**WORK ITEM**
When you reach the line below that has "Close-up shot of", start returning lines exactly, and stop after the line that has "Weißes Logo-Label mit"; skip the pictures.

**DATA EXTRACT**
┄┄┄┄┄┄┄┄┄┄

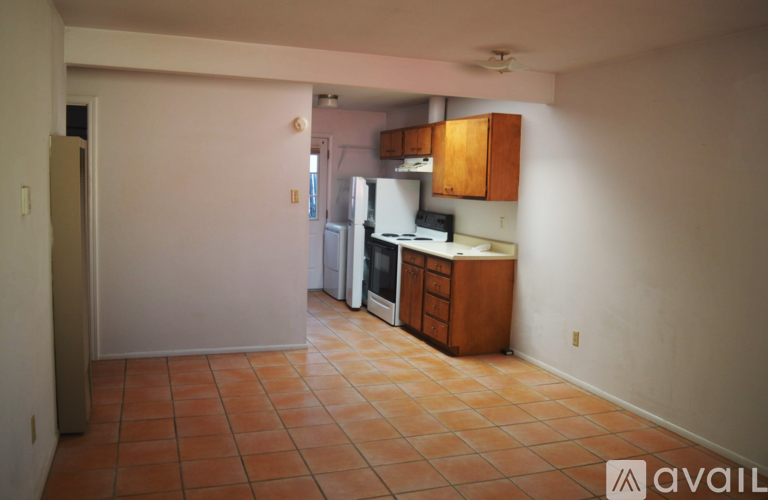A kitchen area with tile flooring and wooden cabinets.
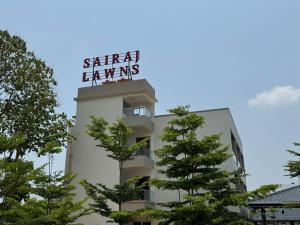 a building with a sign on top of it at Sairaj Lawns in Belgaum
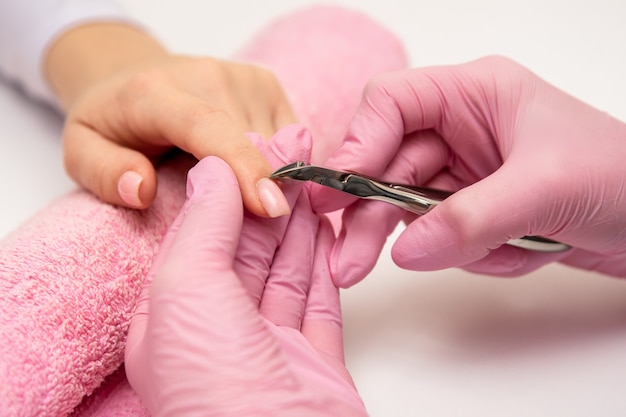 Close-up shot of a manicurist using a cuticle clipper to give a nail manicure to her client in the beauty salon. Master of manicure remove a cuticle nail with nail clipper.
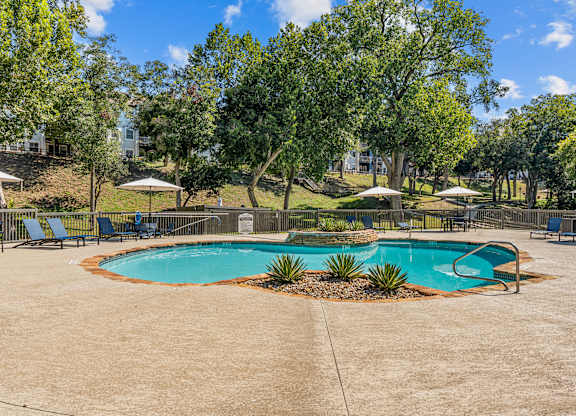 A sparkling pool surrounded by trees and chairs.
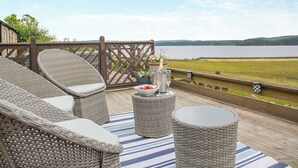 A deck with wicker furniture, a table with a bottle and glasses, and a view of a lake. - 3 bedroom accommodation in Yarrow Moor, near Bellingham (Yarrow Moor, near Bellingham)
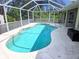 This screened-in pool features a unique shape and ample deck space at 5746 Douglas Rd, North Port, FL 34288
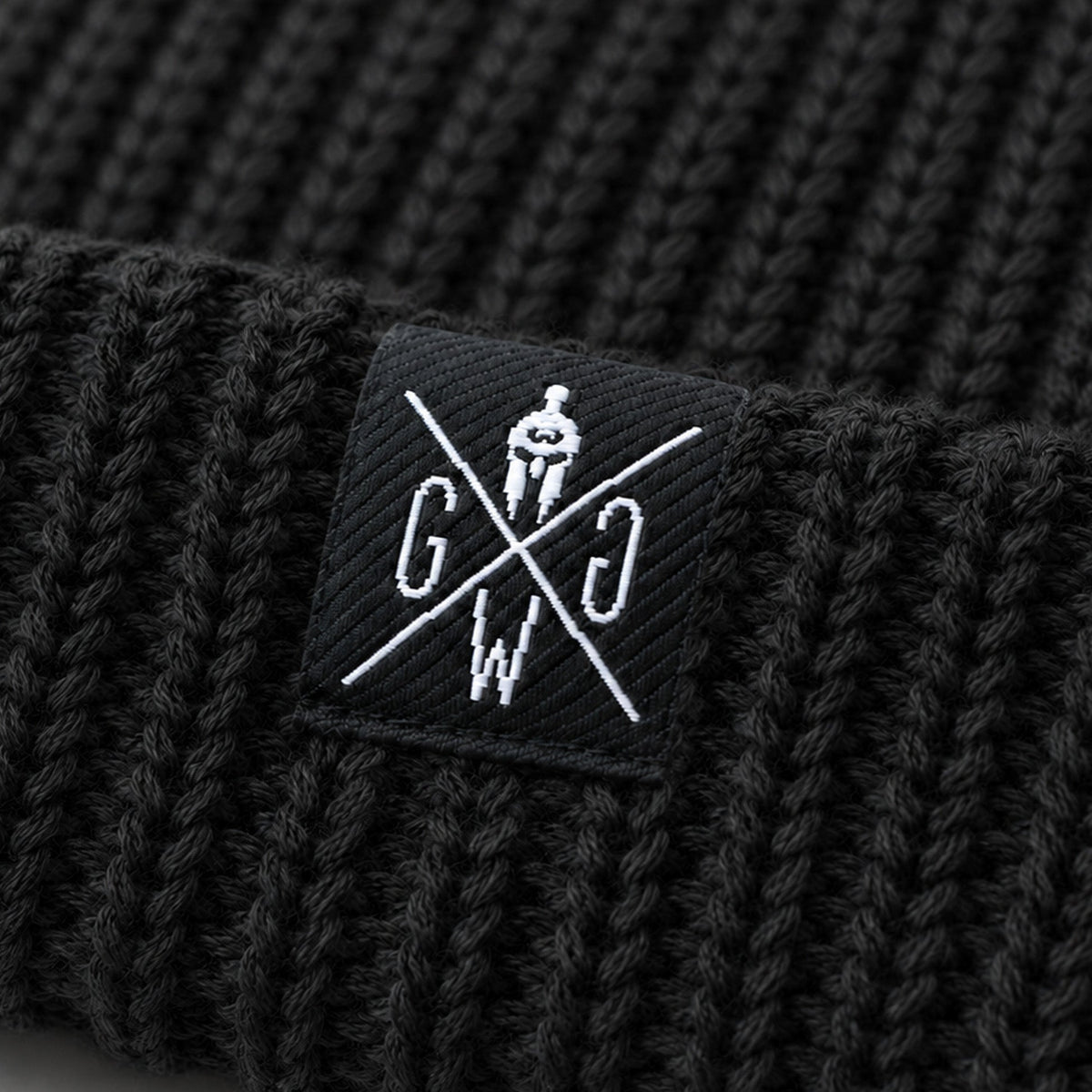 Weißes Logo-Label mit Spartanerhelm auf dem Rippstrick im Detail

┄┄┄┄┄┄┄┄┄┄

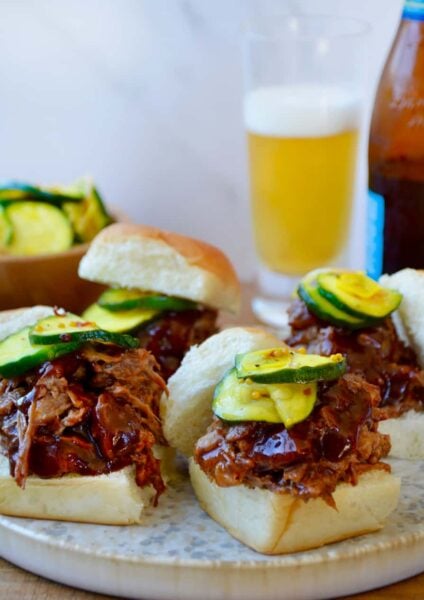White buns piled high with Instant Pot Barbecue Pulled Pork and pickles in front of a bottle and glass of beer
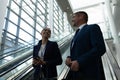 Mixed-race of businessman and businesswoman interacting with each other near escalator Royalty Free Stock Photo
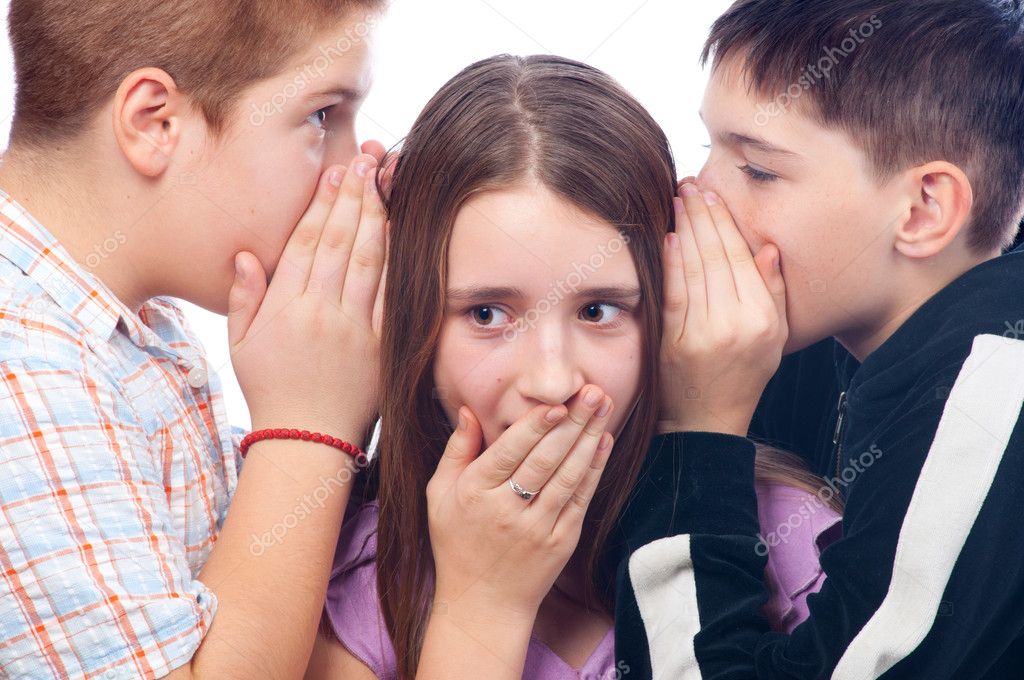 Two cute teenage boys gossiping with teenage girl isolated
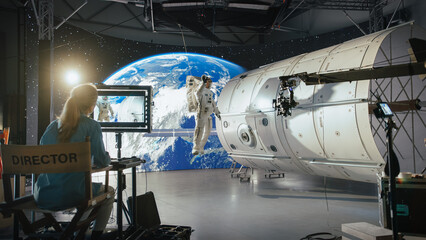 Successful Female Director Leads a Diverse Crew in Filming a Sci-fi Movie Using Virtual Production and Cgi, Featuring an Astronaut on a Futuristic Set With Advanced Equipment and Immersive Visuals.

┄┄┄┄┄┄┄┄┄┄

**ANSWER TO THIS EXERCISE**
 Close-up shot of a manicurist using a cuticle clipper to give a nail manicure to her client in the beauty salon. Master of manicure remove a cuticle nail with nail clipper.
 A sparkling pool surrounded by trees and chairs.
 A deck with wicker furniture, a table with a bottle and glasses, and a view of a lake. - 3 bedroom accommodation in Yarrow Moor, near Bellingham (Yarrow Moor, near Bellingham)
 This screened-in pool features a unique shape and ample deck space at 5746 Douglas Rd, North Port, FL 34288
 Weißes Logo-Label mit Spartanerhelm auf dem Rippstrick im Detail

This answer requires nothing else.